De ces brèves pièces virtuoses que le compositeur prolongerait en Chemins, nous entendons, pour commencer, celle pour trompette et piano résonant, conçue en 1984. Clément Saunier, qui a rejoint l’EIC il y a six ans, entre en scène avec le jeune pianiste Julien Blanc [lire notre chronique du 9 mars 2016], dans une lumière bleutée, pour donner la Sequenza X dont la péroraison tournoie avec une superbe raffinée et techniquement redoutable dans le halo énigmatique et omniprésent du piano, avec une imagination audacieuse. La Sequenza VIIb (1993), qui adapte pour saxophone soprano la Sequenza VII pour hautbois (1969), est confiée à Rui Ozawa, interprète japonaise encore en formation au Conservatoire National Supérieur de Musique et de Danse de Paris (CNSMD) où elle se spécialise dans le répertoire contemporain. La pluralité de modes de jeu entretient le mystère d’une déclamation variée sur un bourdon perpétuel – si = H, comme Heinz Holliger, dédicataire de l’œuvre (à l’instar de fa = Ernst Fleischmann, le trompettiste pour lequel la Dixième fut écrite).
Le 15 mars 1973, à la tête du New York Philharmonic, Pierre Boulez dirigeait la création mondiale du Concerto pour deux pianos et orchestre dont les excellents Bruno Canino et Antonio Ballista assuraient la partie solistique. Nous retrouvons cette page sous les doigts d’Hideki Nagano, pianiste à l’EIC depuis plus de vingt ans, et de Julien Blanc dont la saisissante concentration du jeu invite à le suivre d’un peu plus près.

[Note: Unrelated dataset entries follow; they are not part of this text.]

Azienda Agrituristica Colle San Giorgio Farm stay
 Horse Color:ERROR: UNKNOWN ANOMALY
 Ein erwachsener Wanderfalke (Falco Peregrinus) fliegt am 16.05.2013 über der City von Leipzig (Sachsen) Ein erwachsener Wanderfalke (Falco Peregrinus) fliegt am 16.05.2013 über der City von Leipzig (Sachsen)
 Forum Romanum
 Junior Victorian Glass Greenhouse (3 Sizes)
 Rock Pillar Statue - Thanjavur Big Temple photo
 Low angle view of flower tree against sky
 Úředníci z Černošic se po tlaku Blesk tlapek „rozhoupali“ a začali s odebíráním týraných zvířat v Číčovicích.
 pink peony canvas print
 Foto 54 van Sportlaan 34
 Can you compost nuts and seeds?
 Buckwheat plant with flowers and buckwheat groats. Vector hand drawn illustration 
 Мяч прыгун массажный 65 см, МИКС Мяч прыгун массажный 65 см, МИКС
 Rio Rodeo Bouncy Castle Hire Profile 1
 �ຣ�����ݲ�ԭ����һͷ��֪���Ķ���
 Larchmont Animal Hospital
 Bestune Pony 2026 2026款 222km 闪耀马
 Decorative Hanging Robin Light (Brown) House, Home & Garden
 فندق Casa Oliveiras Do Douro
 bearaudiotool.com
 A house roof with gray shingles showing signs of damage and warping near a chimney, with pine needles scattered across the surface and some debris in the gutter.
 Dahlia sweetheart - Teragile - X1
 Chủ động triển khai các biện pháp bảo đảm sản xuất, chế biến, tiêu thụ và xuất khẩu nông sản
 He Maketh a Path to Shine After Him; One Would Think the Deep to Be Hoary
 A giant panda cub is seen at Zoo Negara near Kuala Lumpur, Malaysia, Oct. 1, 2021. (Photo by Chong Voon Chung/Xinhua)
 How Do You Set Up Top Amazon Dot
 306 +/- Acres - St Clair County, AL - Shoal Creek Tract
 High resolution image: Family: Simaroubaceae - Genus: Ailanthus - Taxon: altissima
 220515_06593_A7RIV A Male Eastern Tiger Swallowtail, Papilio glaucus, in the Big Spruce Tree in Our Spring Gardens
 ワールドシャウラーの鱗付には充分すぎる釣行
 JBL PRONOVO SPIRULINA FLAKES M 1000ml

Pianissimo, ces artistes glissent un discret carillon quasiment harpistique, insaisissable, d’où sourdent quelques accents furtifs qui n’en rompent point la fascinante étrangeté méditative. Impalpable, la vigueur contrôlée de cet introït avance crescendo jusqu’à cingler ses obstinations, quand surgit un trait de flûte ensauvagé. L’œuvre se construit au fil d’échanges dans le vaste effectif, selon une écriture subtilement cellulaire dont Matthias Pintscher relève, au pupitre, tous les raffinements. Passé un valeureux bruissement s’impose une partie plus calme et développée, avant que cette page passionnante s’achève dans la redite de la figure liminaire. Pourtant difficile quant à l’équilibre de ses éléments, l’œuvre bénéficie d’une lecture rondement menée qui la sert somptueusement.
Il n’en va pas de même de la célébrissime Sinfonia pour huit voix solistes et orchestre écrite en 1968 par Berio, en réponse à la commande du New York Philharmonic qui, avec elle, fêterait cent vingt-cinq printemps, sous la battue de Leonard Bernstein auquel elle fut dédiée. Le 10 octobre 1968, la première se fit sans le cinquième mouvement, intégré lors de l’édition 1969 des Donaueschinger Musiktage pour la création mondiale au complet qu’Ernest Bour menait aux commandes du Sinfonieorchester des Südwestrundfunks [lire notre chroniques des interprétations de Daniel Harding, Matthias Bamert, Michel Tabachnik, Péter Eötvös et Riccardo Chailly]. En effet, outre la sonorisation plutôt mal gérée des Synergy Vocals, l’approche générale manque d’adresse, ce qui porte préjudice au maniérisme génial d’une écriture requérant plus gaillarde ciselure. On quitte la Cité de la musique avec le bon souvenir du concerto.